Le rivoluzioni del 1989 e la fine della guerra fredda
Valentine Lomellini ne parlerà stamane al Grande
Fino al 1989 il mondo era diviso in due, i Paesi europei e gli Stati Uniti da un lato, il blocco comunista dall’altro. Poi cadde il Muro di Berlino, in pochi mesi vennero ridisegnati le cartine geografiche e i confini mentali. Sarà Valentine Lomellini professore associato dell’Università di Padova, a condurre questa mattina (ore 11) l’ultimo appuntamento con le Lezioni di Storia — organizzate da Fondazione del Teatro Grande in collaborazione con gli Editori Laterza — il ciclo di incontri che ha richiamato un pubblico entusiasta nella Sala Grande del Teatro. 1989. La rivoluzione democratica è il titolo dell’intervento.
«Più che di una rivoluzione ritengo si debba parlare di una serie di rivoluzioni. Noi pensiamo al blocco sovietico come un monolite, ma le cose andarono diversamente e quella data costituisce l’apice di un processo iniziato prima. Penso al riformismo gorbacioviano, alla Polonia che è stato il primo Paese a dare segnali di insofferenza dei confronti del comunismo sovietico, alla Repubblica democratica tedesca alle prese con le dinamiche legate all’esodo verso occidente, senza dimenticare Cecoslovacchia e Ungheria che avevano iniziato un lento processo di democratizzazione».
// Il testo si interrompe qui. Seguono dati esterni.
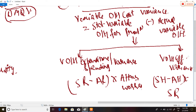The formula for Variable Overhead Expenditure Variance is: Standard Rate minus Actual Rate, multiplied by Actual Hours Worked. Note there is an important difference between actual hours paid for and actual hours worked — make sure to differentiate between the two in any question.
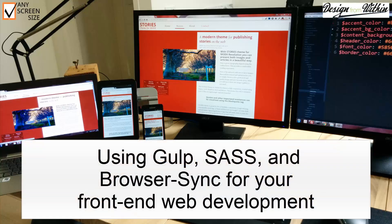Using Gulp, Sass and BrowserSync for your front-end web development. You no longer need to refresh your browser after every CSS change.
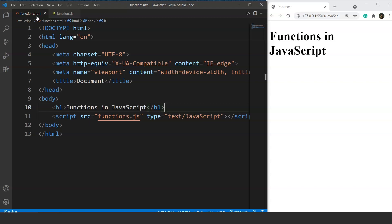In this particular video, we will go through the syntax and usage of functions. A function has a particular name, and we can reuse that block of code again and again throughout an entire program.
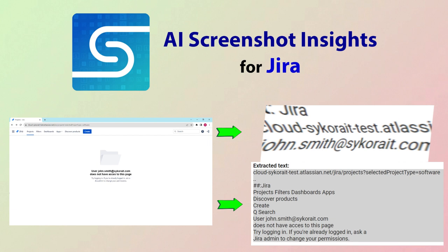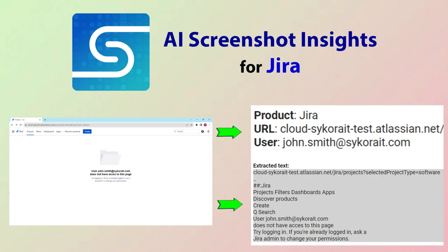AI Screenshot Insights for Jira is an app by Sykora IT to extract text from images and even get insights from the extracted text directly in Jira Ticket. Let's take a look at how the app works.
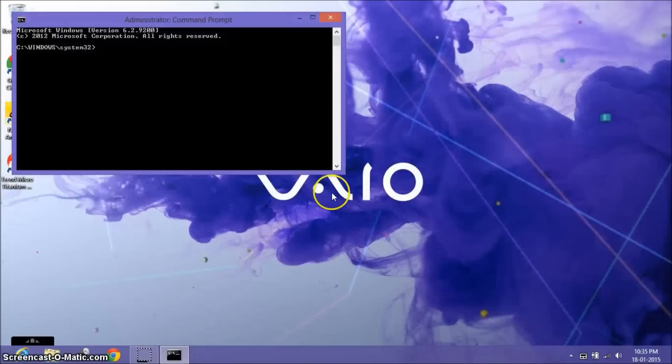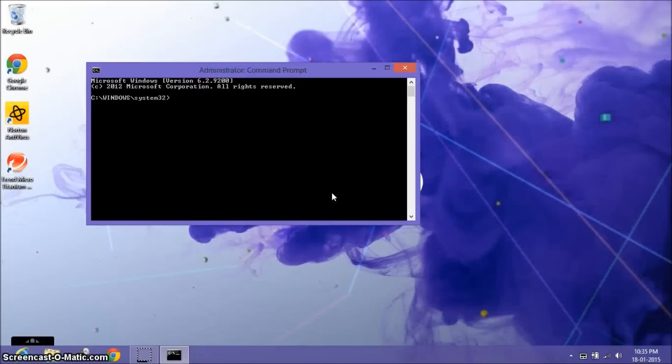Yes, and then type one line of command, and the command will go like this to fix the bootloader.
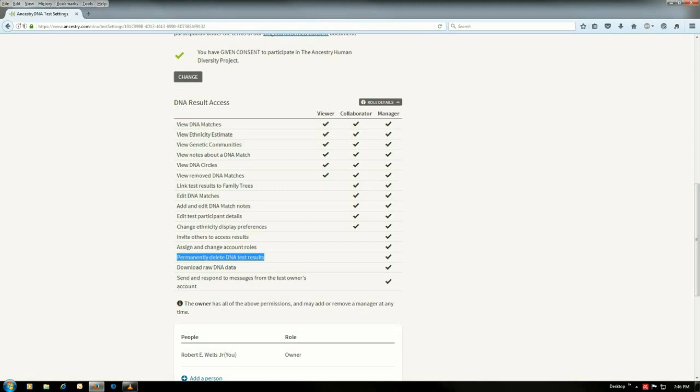Now there may be, the only case would be: people I've worked with have wanted me to download the raw DNA for them to upload to GEDmatch, so they've granted me manager access. But what I do in that case, as soon as I download the raw DNA, I will ask them to go back and give me collaborator.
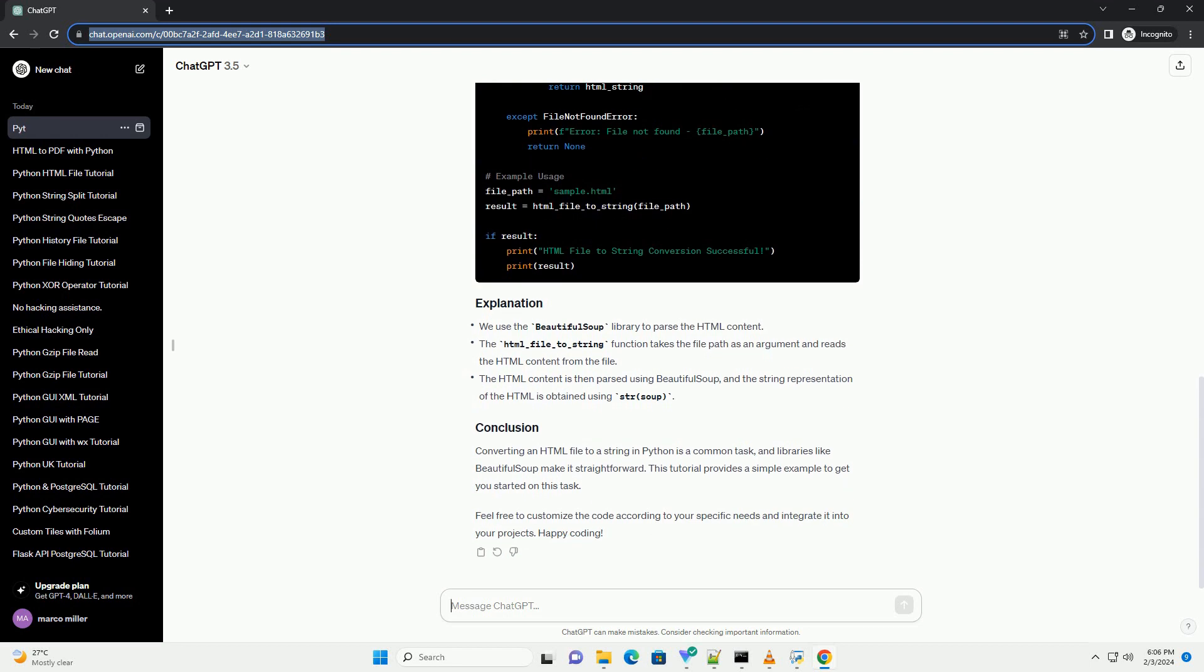Now, let's write the Python code to convert an HTML file to a string. Converting an HTML file to a string in Python is a common task, and libraries like BeautifulSoup make it straightforward. This tutorial provides a simple example to get you started on this task. Feel free to customize the code according to your specific needs and integrate it into your projects. Happy coding!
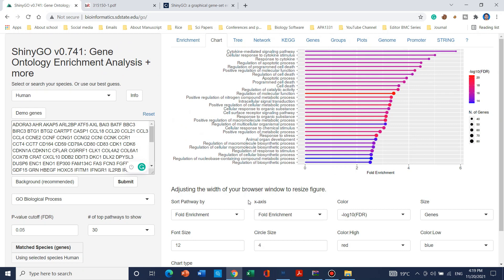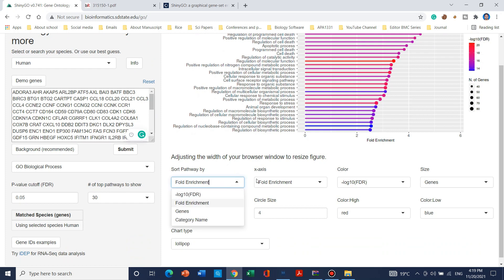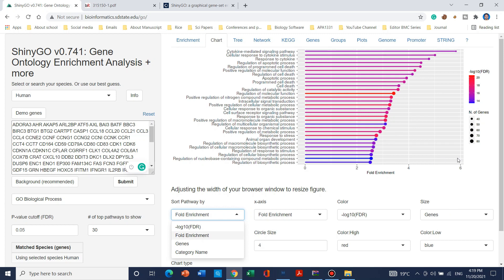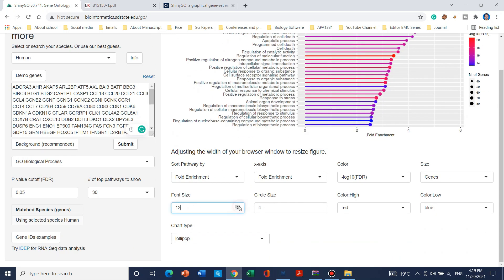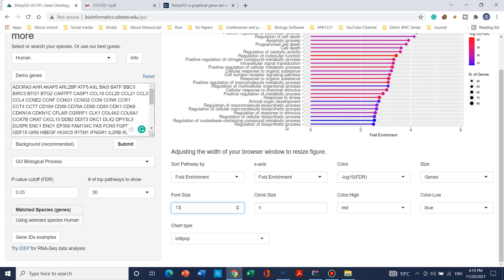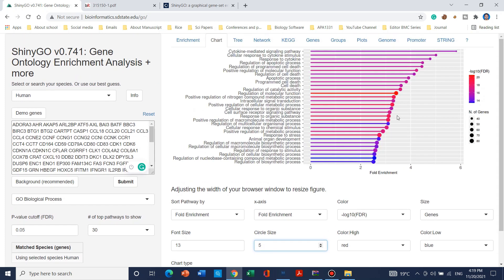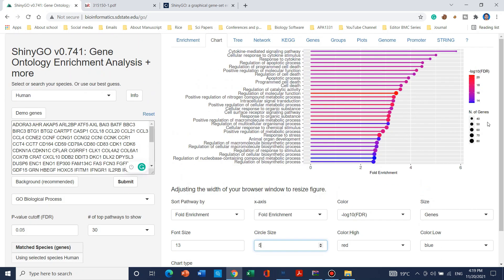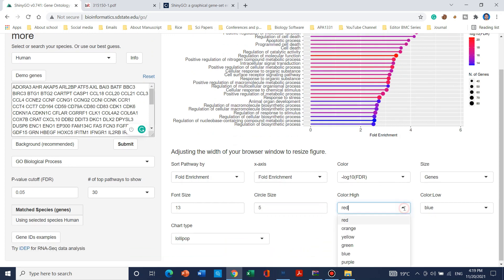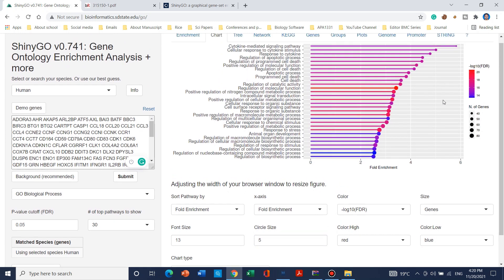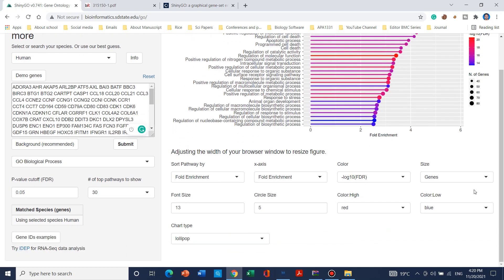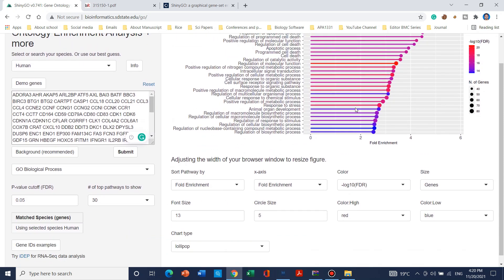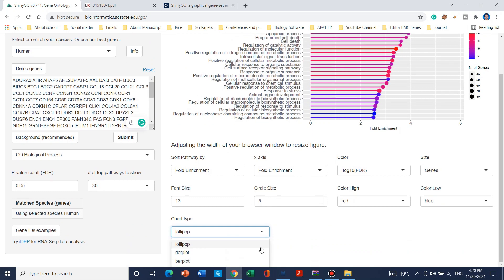We can manipulate the chart by changing the sorting and the x-axis for fold enrichment. We can also change the color, size, and font — when you click it will automatically update. We can also change the circle size; increasing it will update the chart again. Red is typically used for high values and blue for low values based on the negative log scale, though you can change these. You can also change the chart type from lollipop to dot plot or bar plot.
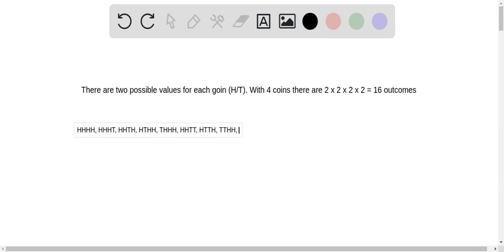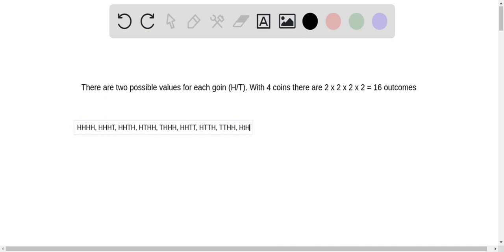Actually, I didn't get all the ones with two tails. We can also do heads, tails, heads, tails; tails, heads, tails, heads; and tails, heads, heads, tails. That covers all the combinations with two heads and two tails.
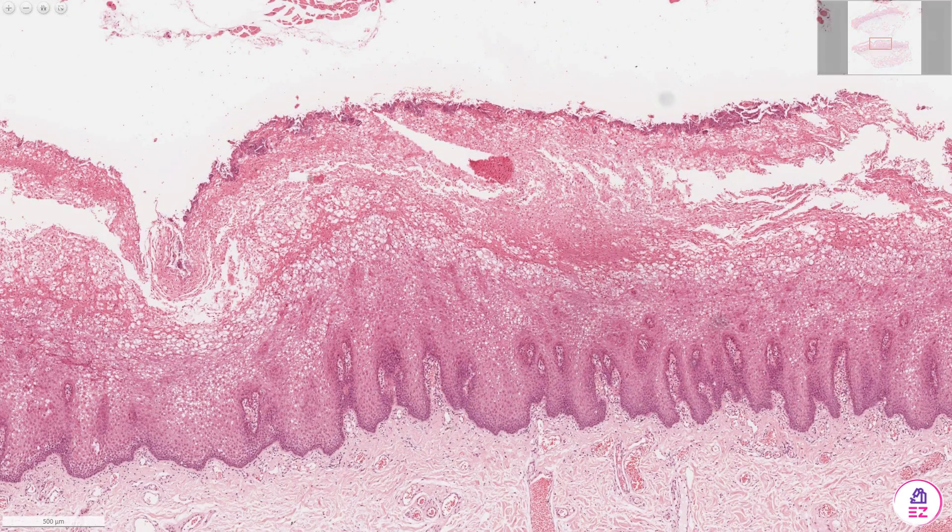Hello and welcome to Path Made Easy. Today's case is an example of white sponge nevus affecting the buccal mucosa.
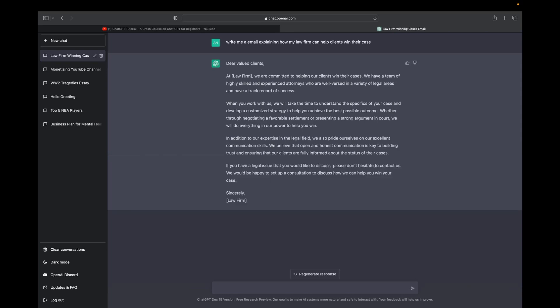Now that we have the email, check this out. Dear valued client at blank law firm, we are committed to helping our clients win their cases. We have a team of highly skilled and experienced attorneys who are well versed in a variety of legal areas and have a track record of success.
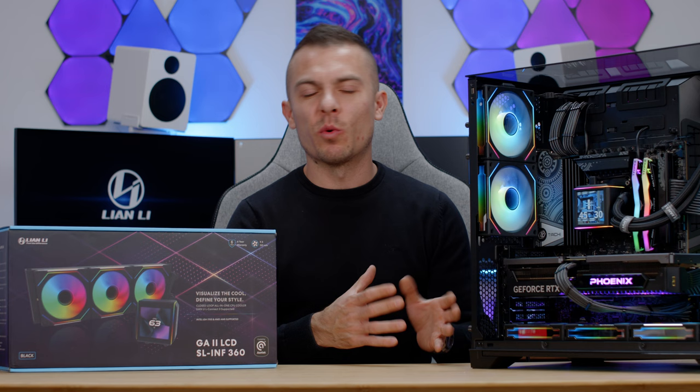So guys, this is Lian Li Galahad 2 LCD 360, specifically this one is SL Infinity that I'm using, and I had to use it in O11 Vision since this case is also quite eye-catching I would say. So I'll place the links below in the description, first of all for the Lian Li Galahad 2 360 LCD SL Infinity, and finally I'll place additionally if you desire to somewhat copy this setup, I'll place the link for the O11 Vision and for the reverse blades. These are UNI Fan SL Infinity 120 reverse blades here at the bottom and I swapped those ones on the AIO as well.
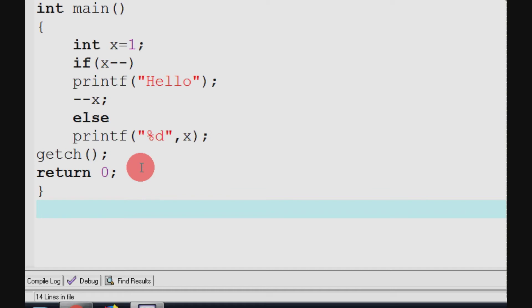If you have a minute, you can look at the program. Then we will find the output.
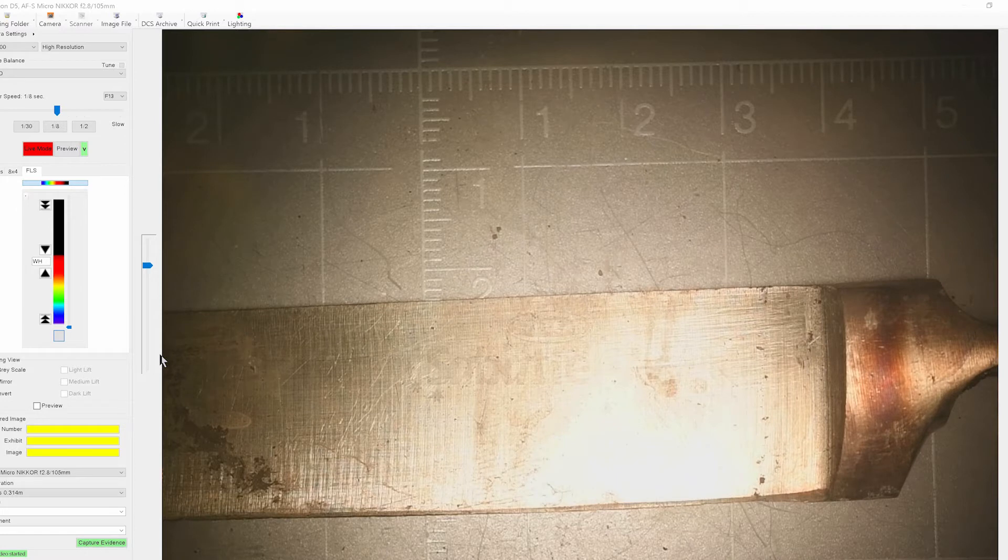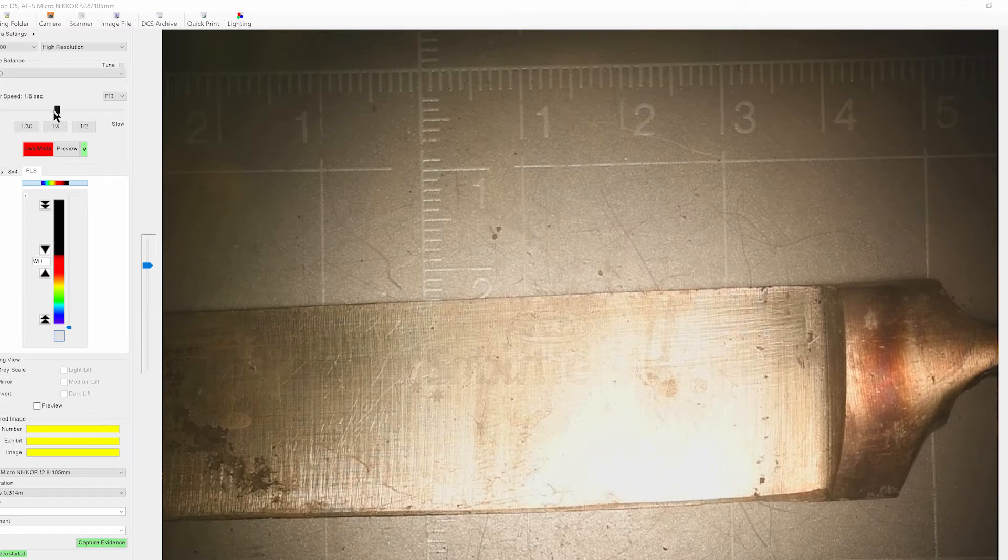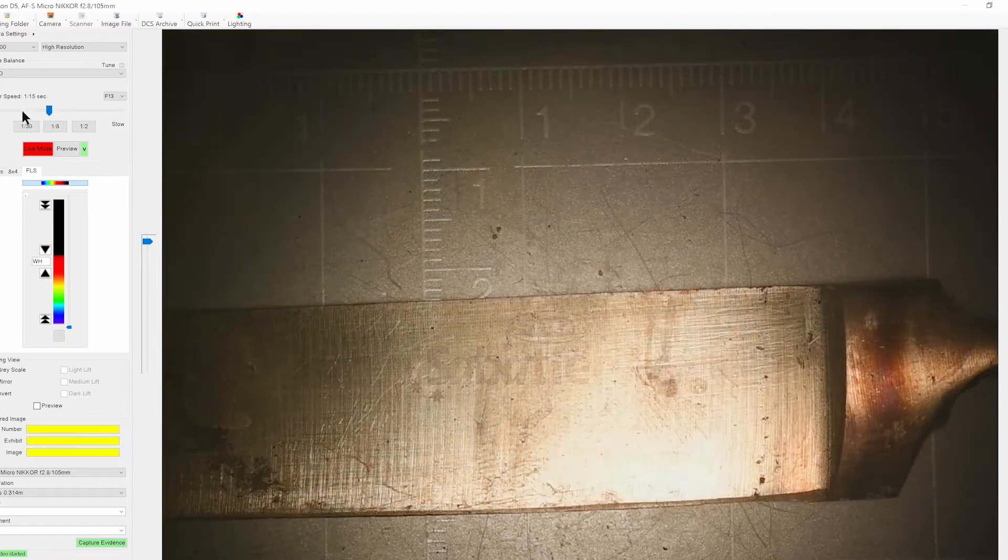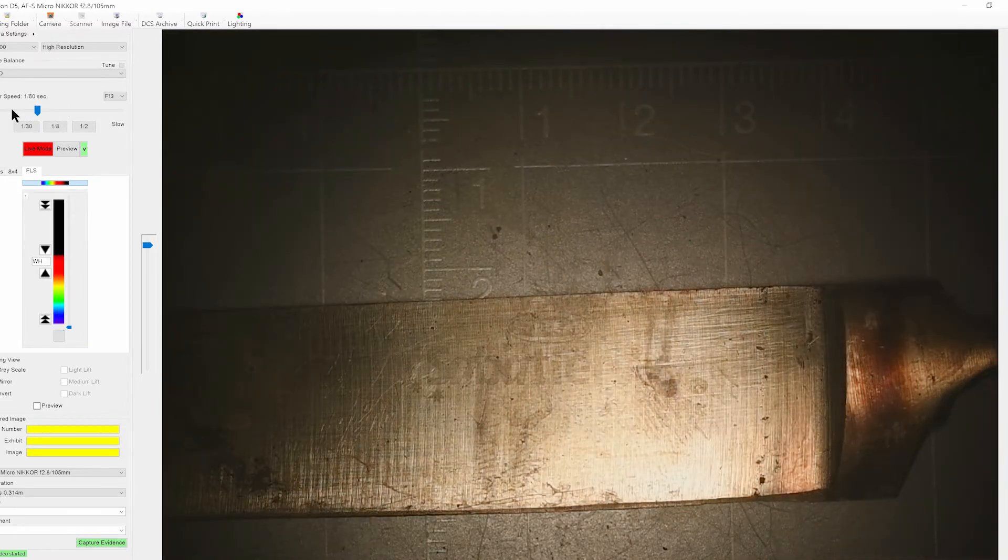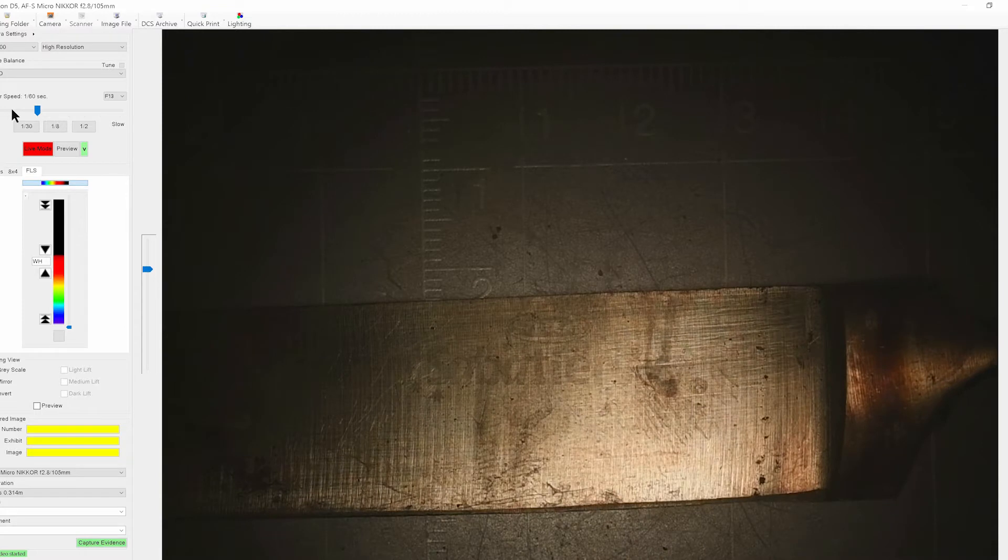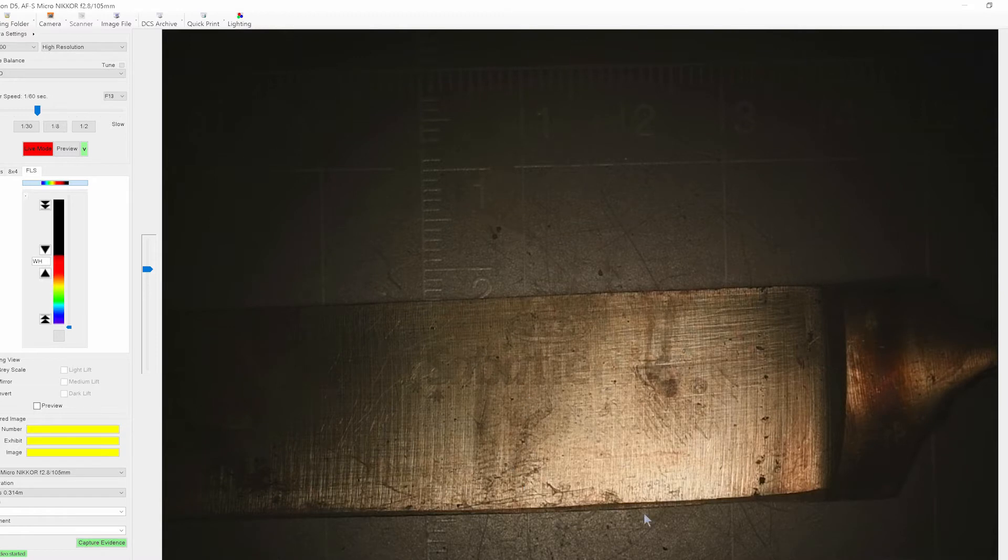Now coaxial illumination removes a lot of that reflection and glare from the sample. Now here with the sample we're just going to make some adjustments to our exposure and we can see here we have the slight outline of a finger mark on this knife.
Fukuyama aveva decretato la «fine della storia». Ora invece sembra un altro inizio.
«La fine del bipolarismo venne percepita come la vittoria del capitalismo neoliberistico, ma la crisi del comunismo ha lasciato un vuoto, non c’era più uno Stato, un potenza antagonista e concorrenziale. A complicare il quadro, si sono inseriti fenomeni transnazionali come il tramonto delle ideologie e il terrorismo, che in verità affonda le sue radici negli anno 70».
L’epoca globale ha poi riattivato i nazionalismi.
«Questo nel lungo periodo. La disgregazione della Jugoslavia è un caso a parte. La questione dei flussi migratori ha risvegliato nei Paesi dell’Est le spinte nazionaliste che erano sepolte sotto la cenere dell’internazionalismo proletario».
Che futuro ci aspetta?
«La fine del comunismo aveva aperto grandi speranze per la creazione di un nuovo ordine internazionale soprattutto per quanto riguarda tutela dei diritti umani e ruolo delle Nazioni Unite nella controversie internazionali. Non è stato così purtroppo. Il futuro è da scoprire».
Elena Vanni leggerà alcuni brani. Biglietto 8 euro.